Infine, tra gli elementi di criticità e le sfide da affrontare viene sottolineato anche l’aspetto della sostenibilità ambientale. Per mitigare l’impronta ecologica delle tecnologie implementate, è fondamentale valutare l’impatto ecologico già in fase di progettazione.

Quali sono, dunque, gli spunti che emergono dal Report, per un’adozione più efficace e sostenibile dell’IA nelle pubbliche amministrazioni?

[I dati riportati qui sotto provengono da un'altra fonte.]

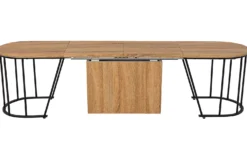 Banc extensible avec rangement rallonges intégré Tambor Bois sonoma 92-212cm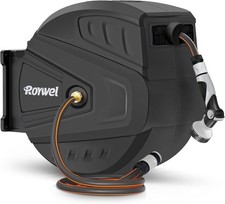 Auto Reel Garden Hose 40M Hose Reel Wall Mounted Rewind Black Self Locking AU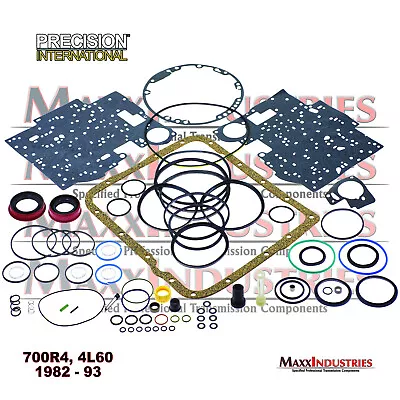 GM 700R4 TRANSMISSION OVERHAUL GASKET & SEAL REBUILD KIT - Precision - 1982-1993 • $41.88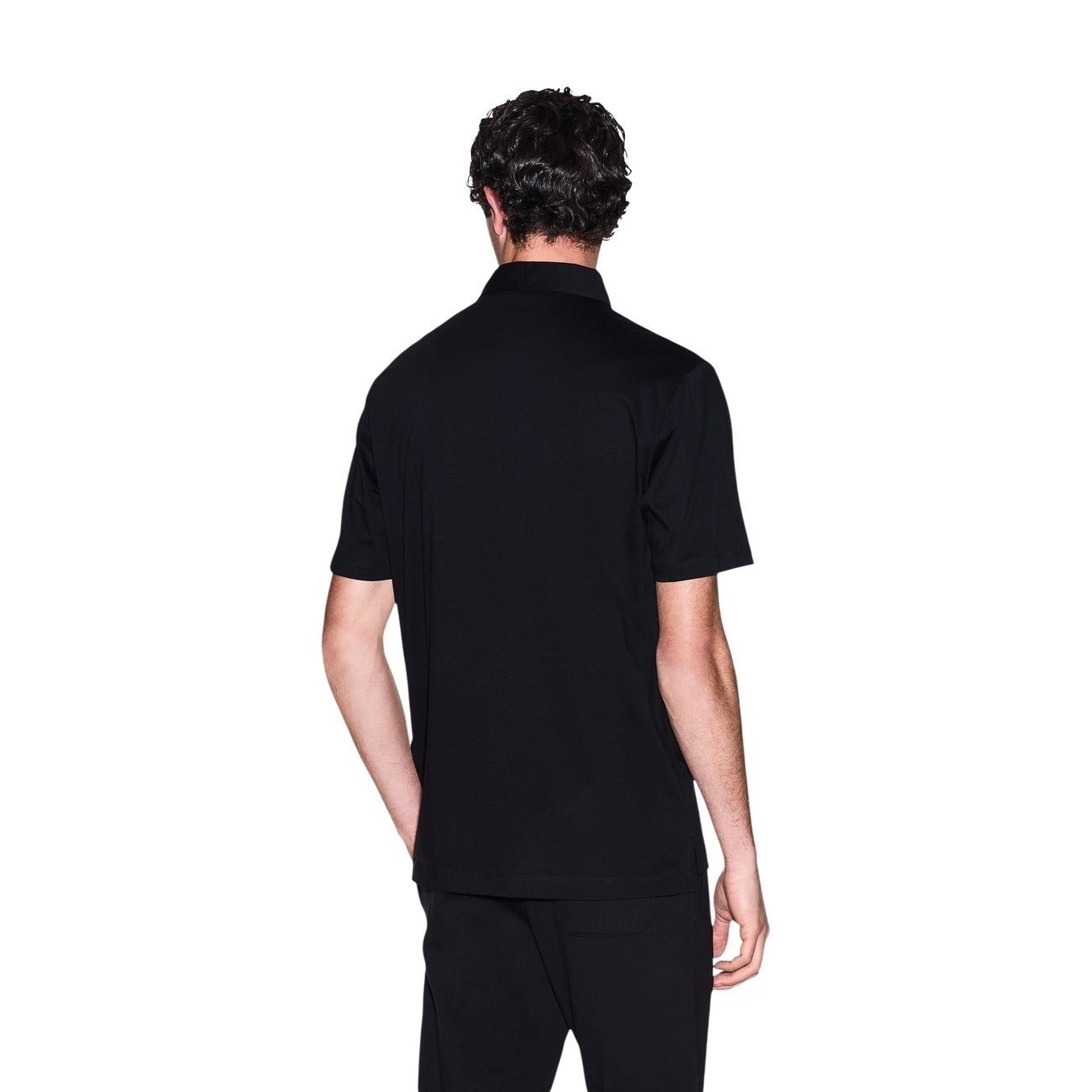 Armani Exchange Polo Top Herren Schwarz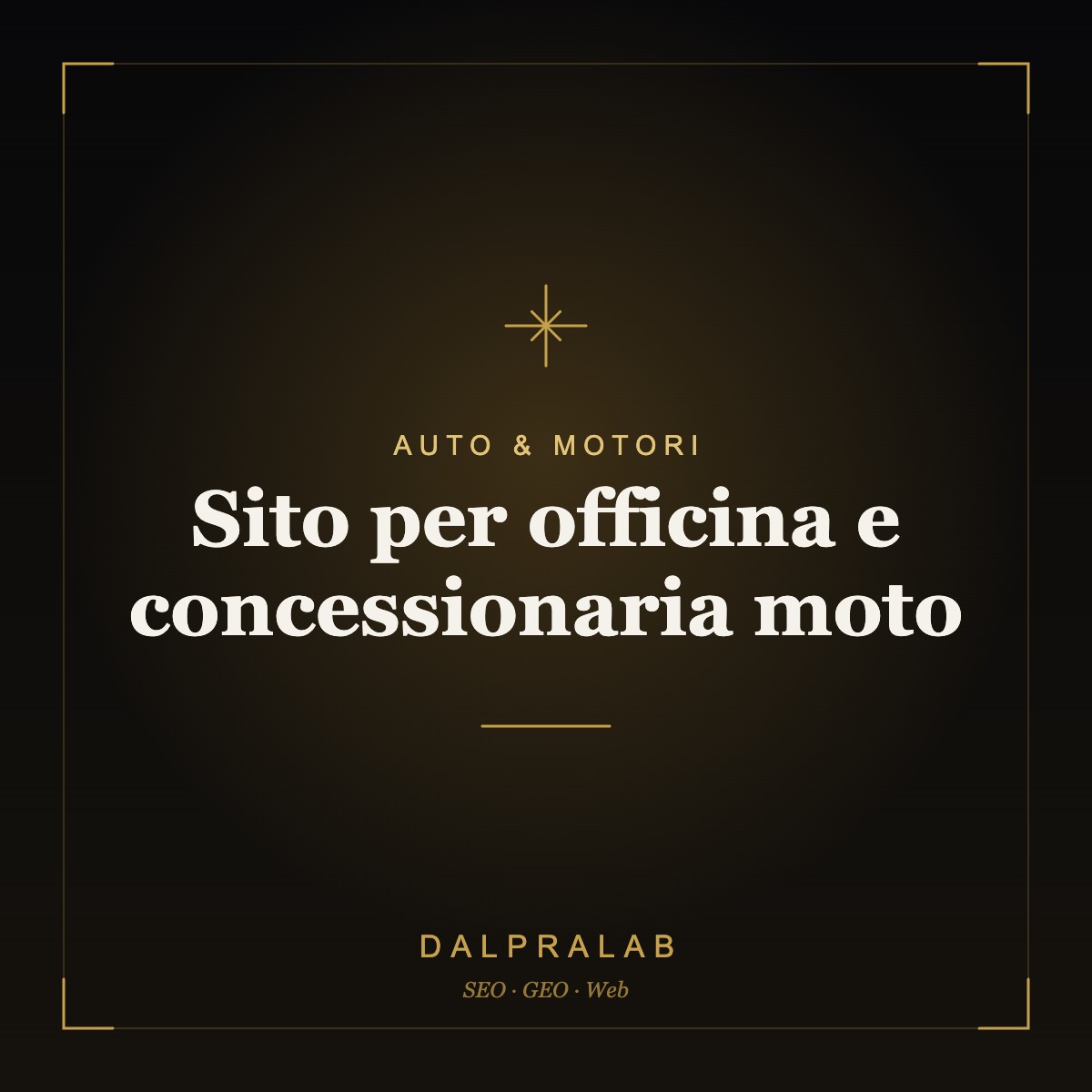 Sito per officina e concessionaria moto | Dalpralab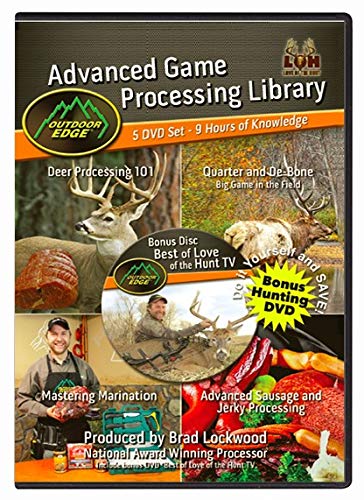 Game Processing Library 5 DVD Set with Bonus Hunting DVD by Outdoor Edge and Love of the Hunt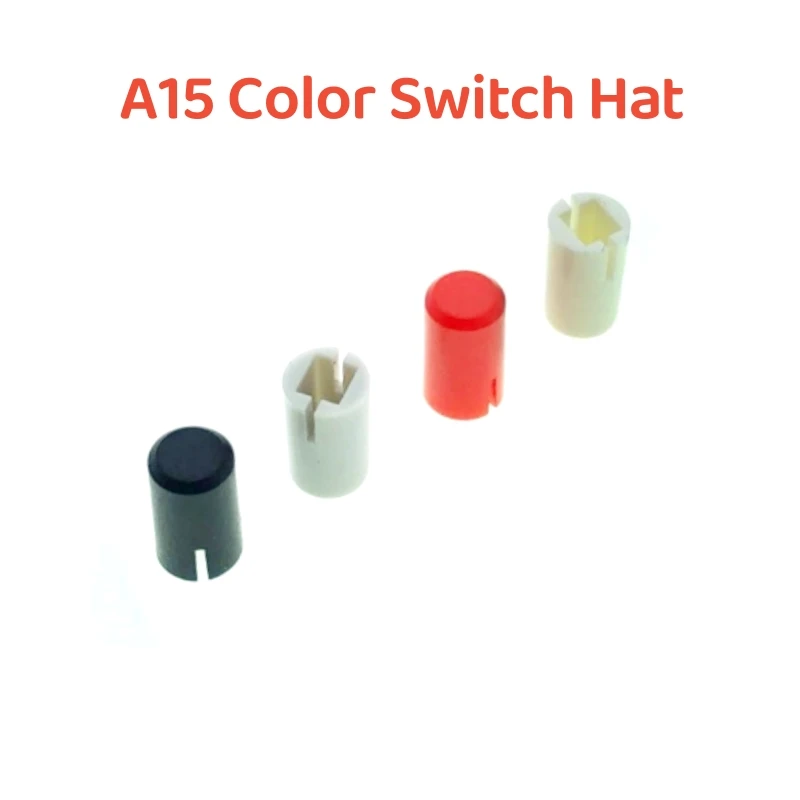 50pcs A15 Color Switch Hat Diameter 5MM*8.85MM High Inner Hole 3mm × 2.7mm Straight Key Switch Head Press The Cap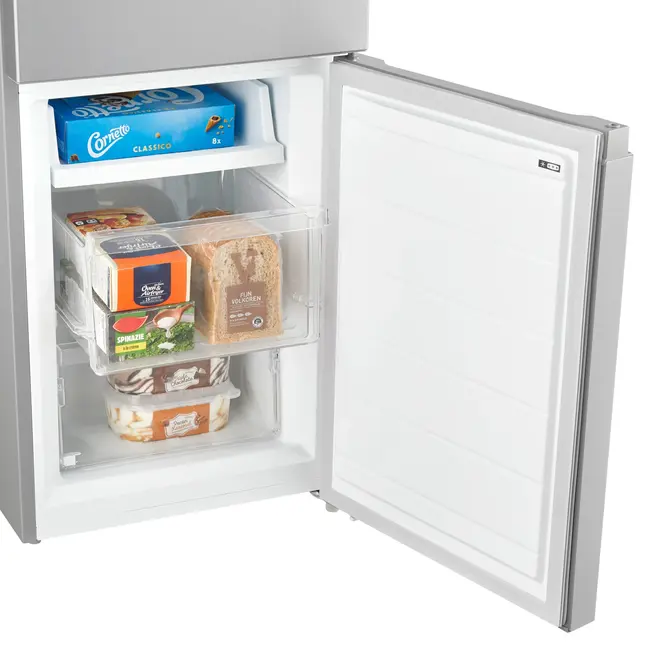 Inventum KV1500S | koelvriescombinatie | RVS | 150 cm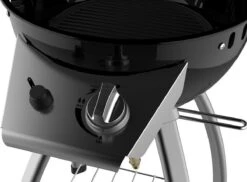 Accente Outdoor Gas BBQ - ø 45 Cm- Inclusief Grillplaat & Gasslang - Zwart -Merkloos Verkoopwinkel 1200x883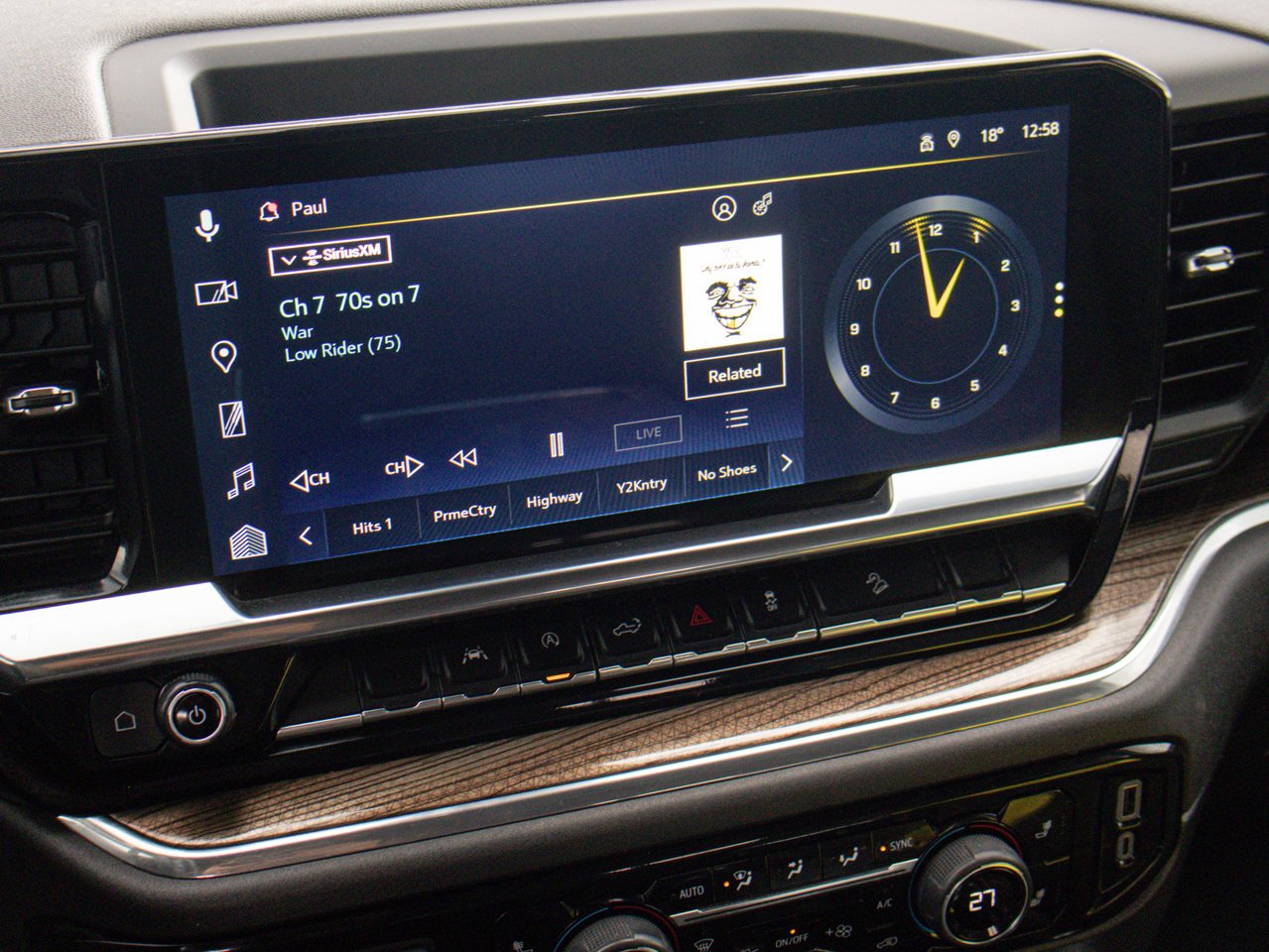 2024 Chevrolet Silverado 1500 4WD Crew Cab 147 RST Black Sherwood Park - photo #26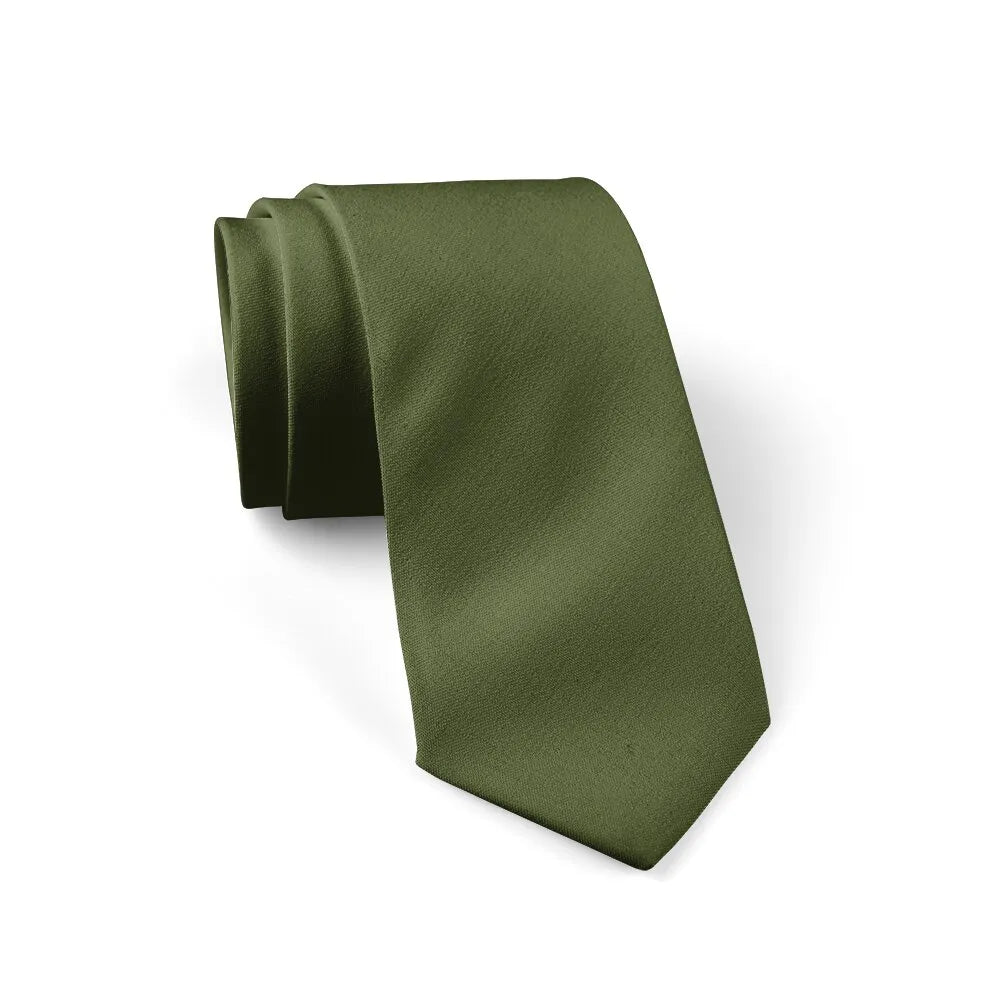 Cravate Personnalisée Kaki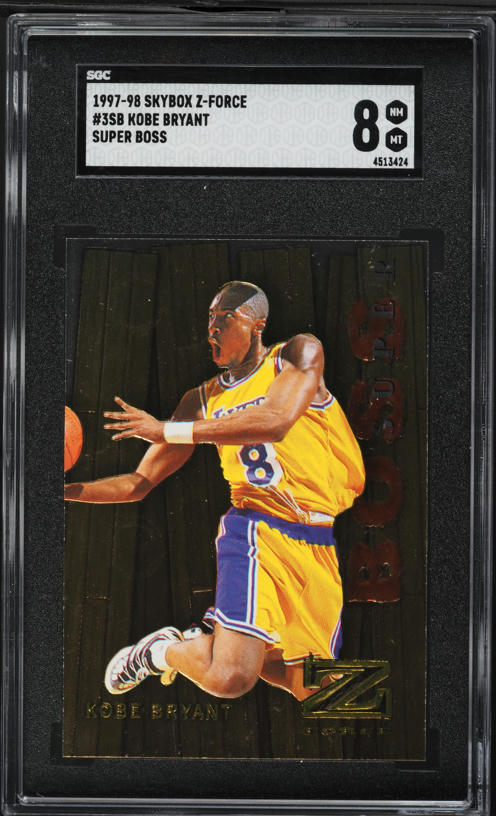 その他 1996 Skybox Z-Force Zebut Kobe #3 RC 1996 Skybox Z-Force Z-Peat Zebut Kobe Bryant ROOKIE #3 PSA 9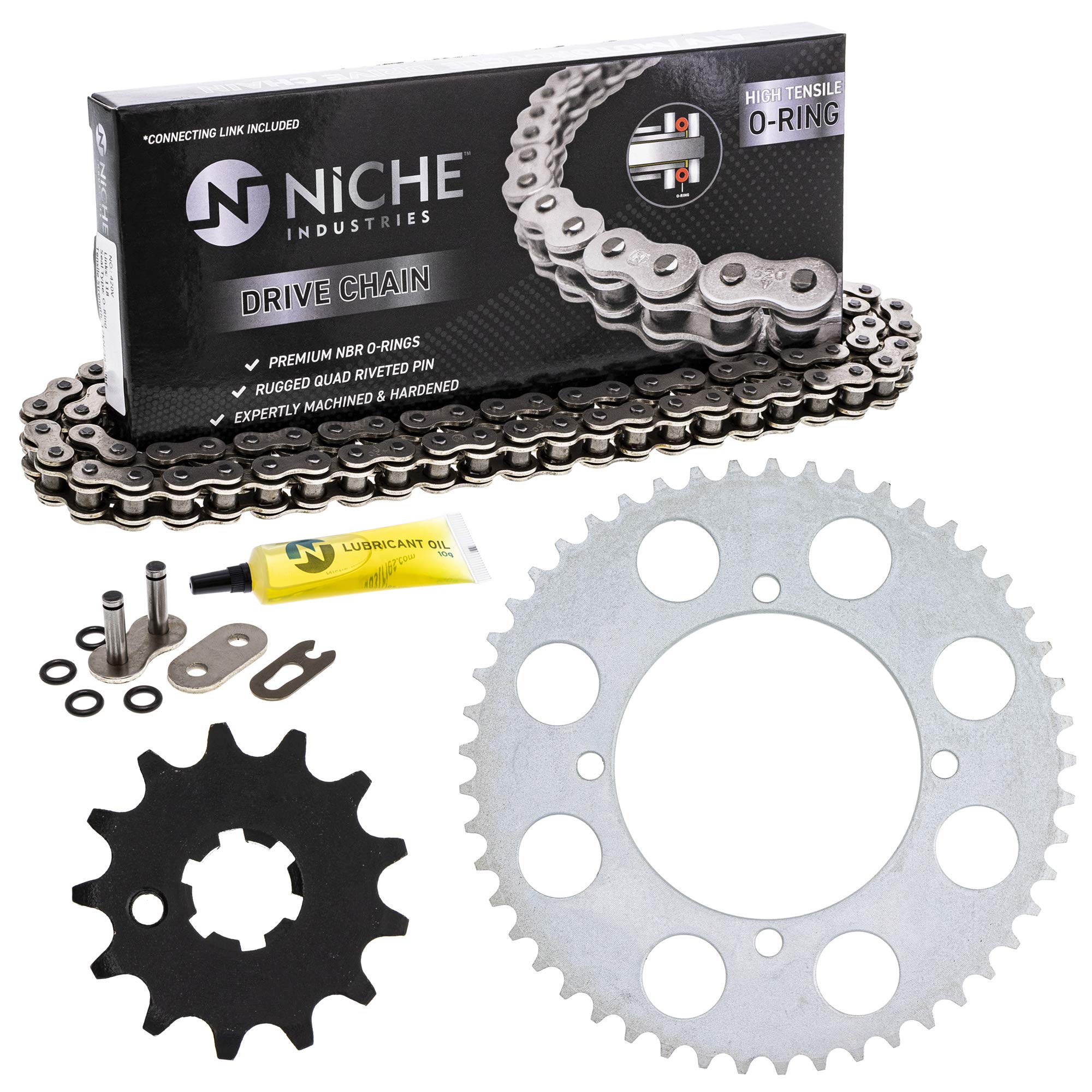 Amazon.com: NICHE Drive Sprocket Chain Combo for Kawasaki KX100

Ecco le raccomandazioni stilate da AgID a partire dall’analisi dei progetti censiti, delle evidenze raccolte e del confronto con le migliori pratiche internazionali:

  •  puntare su tecnologie affidabili e a basso impatto ambientale, da integrare nei sistemi informativi esistenti;
  • migliorare la qualità e la gestione dei dati, garantendo accuratezza, interoperabilità e rispetto della privacy;
  • innovare il procurement pubblico, semplificando l’accesso alle soluzioni IA e promuovendo gare dedicate precedute da progetti pilota;
  • attuare una pianificazione strategica, con obiettivi chiari, KPI definiti e attenzione alla scalabilità;
  • adottare metodologie di open innovation e coinvolgere trasversalmente le strutture interne;
  • sviluppare competenze specifiche, mappare le risorse interne e creare figure professionali dedicate come l’AI Officer e il Data Steward.

[1] L’indagine – realizzata tra il 25 settembre e il 10 ottobre 2024 mediante un questionario strutturato predisposto da AgID con il supporto tecnico-scientifico dell’Osservatorio Agenda Digitale del Politecnico di Milano – ha visto la partecipazione di 108 organizzazioni (tra Pubbliche Amministrazioni centrali e gestori di pubblico servizio a rilevanza nazionale) su 142 contattate, di cui 45 hanno avviato progetti IA. Sono stati censiti 120 progetti in fase di esecuzione o esplorativa, 50 dei quali su infrastrutture sociali e sostenibili e 70 in altri ambiti di applicazione.